(Beginning of DATA EXTRACT)

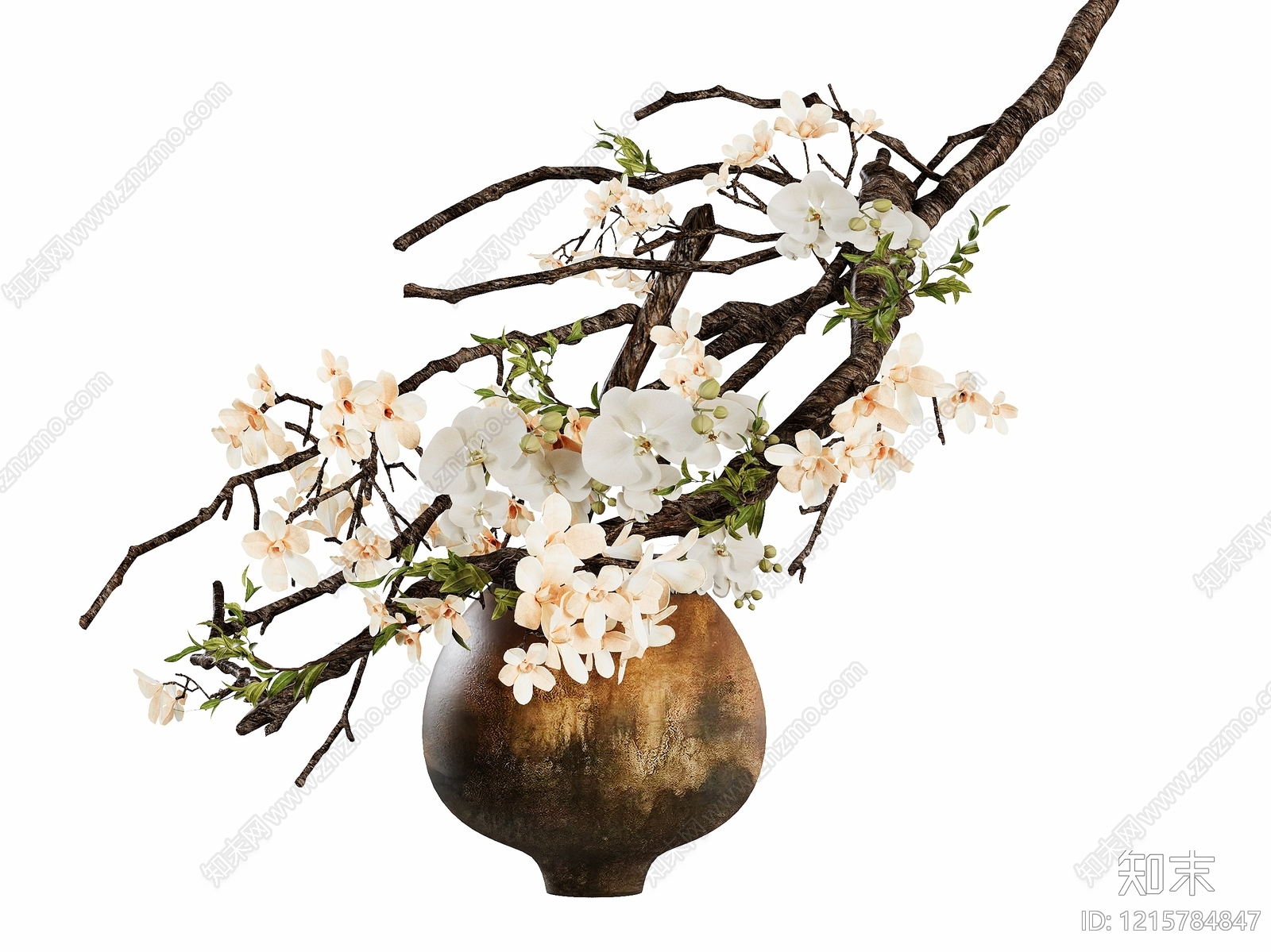 新中式花艺3D模型下载【ID:1215784847】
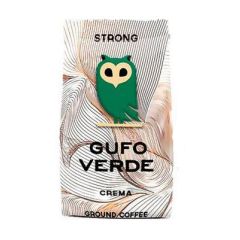 Gufo Verde "Crema" Blend Ground Coffee - 70% Arabica & 30% Robusta - 200 Grams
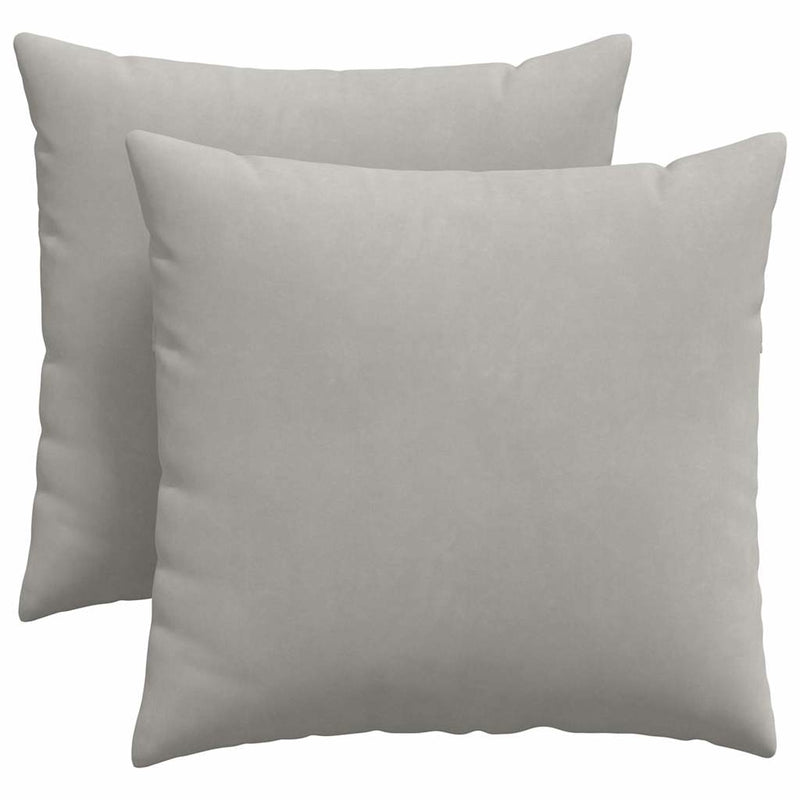 Load image into Gallery viewer, Vidaxl sofa kussens 2 stuks lichtgrijs 45 x 45 cm stof

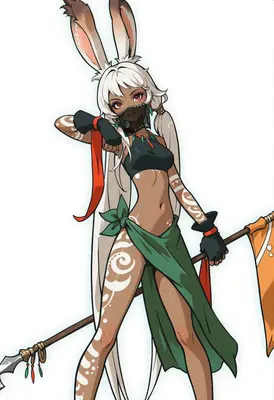 Tribal Bunny Warrior With Spear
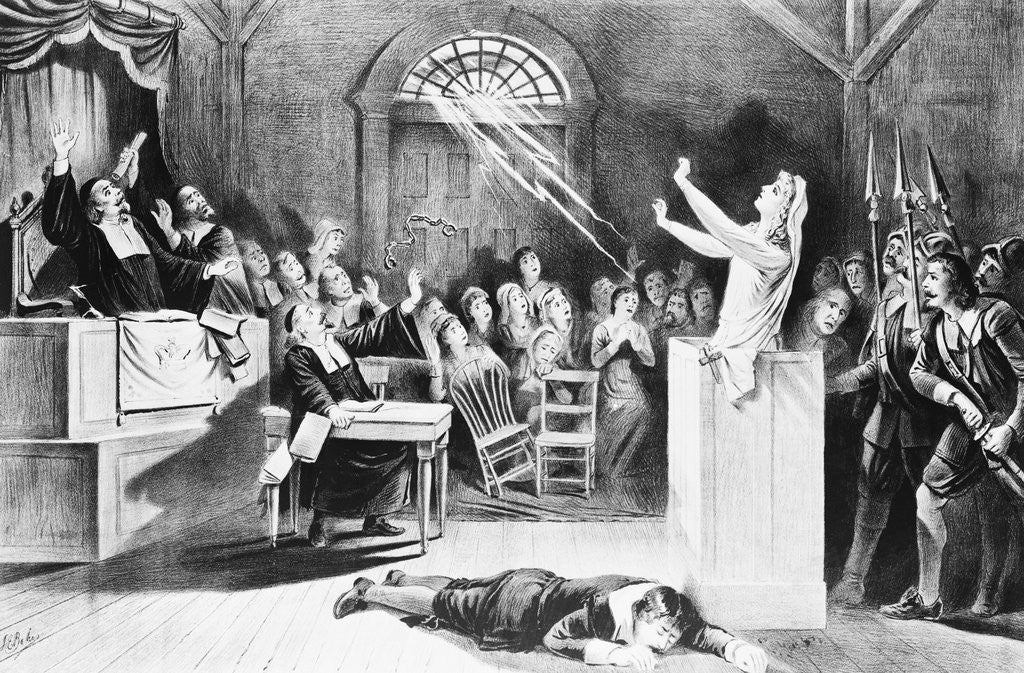 Detail of The Witch In Court by Anonymous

(End of DATA EXTRACT)

Beginning at the line that contains "Load image into", give the remaining lines of the records again exactly, through the last one. Leave out pictures.

 Load image into Gallery viewer, Vidaxl sofa kussens 2 stuks lichtgrijs 45 x 45 cm stof

 Tribal Bunny Warrior With Spear
 Detail of The Witch In Court by Anonymous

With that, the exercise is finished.